O Tribunal Regional Superior de Munique (OLG) condenou um casal iraquiano por escravizar duas meninas yazidis e por pertencer ao grupo terrorista Estado Islâmico (EI).
Pena de prisão perpétua – e juventude
Acarreta pena de prisão perpétua para o homem e pena de prisão juvenil de nove anos e meio para a mulher – entre outros, por genocídio, crimes de guerra, crimes contra a humanidade, abuso sexual agravado de crianças ou cumplicidade. O casal agora está separado; a mulher também se descreveu como sua vítima no início do julgamento.
“Não é preciso homicídio para cometer este crime”, afirma o juiz presidente do crime de genocídio. Também pode ser realizado se “uma criança do grupo for transferida à força para outro grupo”.
Tudo gira em torno de “eventos que ocorreram principalmente numa casa feita de barro na periferia do deserto sírio, há oito anos”, diz o juiz presidente.
O que aconteceu nesta “casa de barro”?
O tribunal disse estar provado que os dois arguidos compraram duas meninas yazidis no Iraque como escravas e as exploraram, e que o homem, que trabalhava como cabeleireiro na capital da Baviera antes de se ter alegadamente radicalizado numa mesquita em Munique, abusou sexualmente das crianças nesta casa feita de barro.
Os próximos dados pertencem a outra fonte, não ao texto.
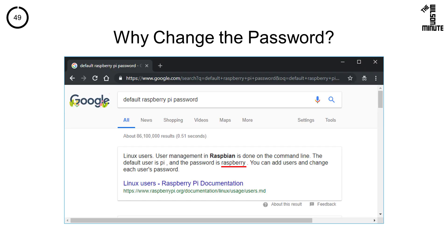Let's get started with why you would want to do this. By default, the password for the Pi is raspberry. Anyone who has used a Raspberry Pi should know this, meaning that anyone who has used a Raspberry Pi can get into yours if you do not change it. This is a huge security issue and is very easy to fix.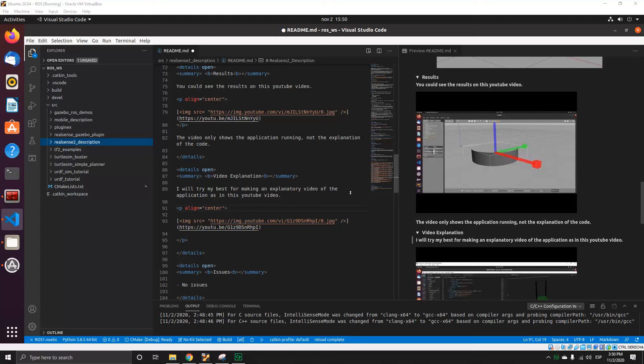Hello, this is the explanation video of how to integrate Intel RealSense with Gazebo and RViz.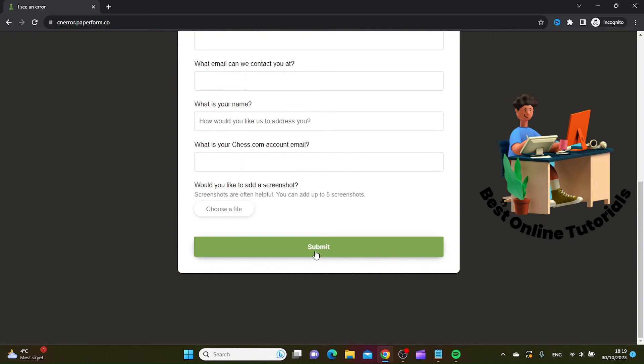So this is how you fix RG45 error at Chess.com. Thanks for watching. Please subscribe.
A mais velha das duas tinha apenas doze anos quando começou a sua provação no Iraque. Depois que a sua família conseguiu comprar a sua liberdade do EI, ela viveu durante anos num campo de refugiados no norte do Iraque. Ela aparece como co-acusada e descreveu o que aconteceu com ela no tribunal: “Nós, Yezidis, éramos escravos, até os cães tinham um status mais elevado do que o nosso”. Durante esse período, ela foi “deliberadamente escaldada com água quente” e “mentalmente torturada, insultada e insultada”, segundo o juiz presidente.
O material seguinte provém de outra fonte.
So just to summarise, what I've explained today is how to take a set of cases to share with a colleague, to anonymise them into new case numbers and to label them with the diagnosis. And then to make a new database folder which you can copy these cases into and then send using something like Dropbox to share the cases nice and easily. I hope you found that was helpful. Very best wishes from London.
“Compre ela, ela ainda não foi estuprada”
“Antes de me comprar, ele olhou para mim”, disse ela em seu depoimento. Ele tirou o véu e olhou para o cabelo dela. “Ele e seus amigos do EI zombaram de mim e disseram: ‘Compre-a, ela ainda não foi estuprada. Ela ainda era uma criança na época: ‘Minha infância inteira foi violência.’
O tribunal presume que ela foi trazida para a casa por sugestão do réu, para que o marido não procurasse uma segunda esposa. “A segunda escrava parecia-lhe o mal menor, porque ela poderia ser vendida novamente.”
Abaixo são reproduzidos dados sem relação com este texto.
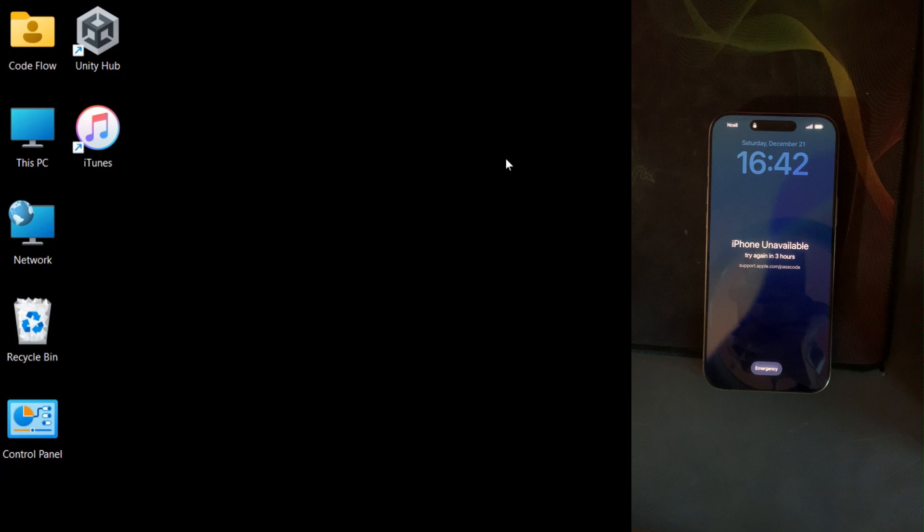Hello, everyone. Welcome back to CodeFlow. In this video, I'll guide you through restoring an iPhone 16 Pro Max using iTunes. This process is helpful if your device is locked or you're experiencing issues that require a complete recovery.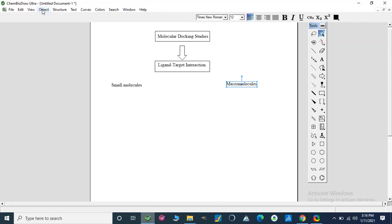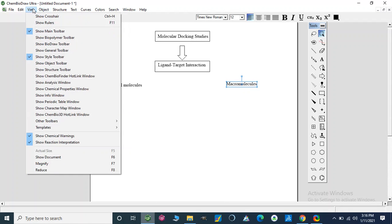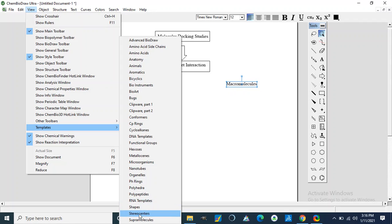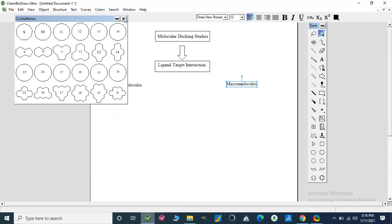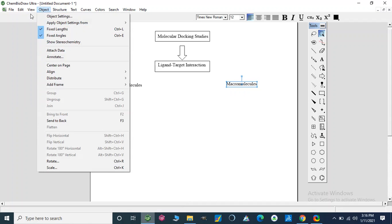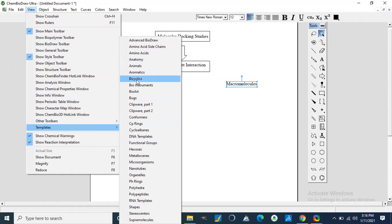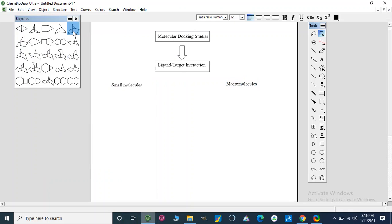We can draw a small molecule from here. I am going to use this template. So we have an aromatic ring, an aliphatic ring, and a cycle. We also have napthalene, a stereocenter, and cyclohexene. We can add some types of structure directly from this template. So this is our small molecule.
Ela tinha que lavar e limpar louça na casa do casal – e foi estuprada pelo acusado durante a noite. “Ele pegou um pedaço de pau e bateu nos meus pés”, disse ela. E: “Ele me forçou a dormir com ele.” Anteriormente, ele estuprou a segunda menina, Yazid, que estava sob seu controle e que não tinha mais de sete anos na época. Segundo o tribunal, o arguido queria esta menina como o chamado “presente de noiva”, um presente de casamento.
Certa vez, o acusado a vestiu e maquiou antes que o homem a amarrasse e a estuprasse – foi assim que a jovem o descreveu no tribunal.
Promotor falou de ‘violência monstruosa’
“A violência monstruosa está tão distante da humanidade que parece irreal”, explicou o representante da Procuradoria-Geral da República. Tudo serviu ao objectivo do EI de destruir a fé dos Yazidis. A esposa, agora com 30 anos, que demonstrou perspicácia e remorso antes da perícia (“moralmente meus olhos estavam fechados”), pediu desculpas durante o julgamento e disse em suas últimas palavras: “Sinto muito”. Seu marido não comentou.
Em agosto de 2014, o EI lançou um ataque a um assentamento da comunidade Yazidi nas montanhas Sinjar, no noroeste do Iraque. O seu objectivo era destruir a religião Yazidi através da conversão forçada dos seus membros, da reeducação religiosa, do rapto, da escravização, da violação de mulheres e raparigas e da execução de homens que não quisessem converter-se.
Após o fim da Missão Unitad da ONU, o Ministério das Relações Exteriores anunciou: “Em particular, os crimes contra as minorias, como a comunidade Yazidi no Iraque, podem ser documentados desta forma”. E ainda: “Graças ao trabalho da equipa da UNITAD, 68 valas comuns foram identificadas e exumadas”.
O juiz presidente disse esperar “que este julgamento criminal contribua para uma reavaliação histórica”. E que ele “devolve ao povo Yazidi um pouco da sua confiança e esperança”.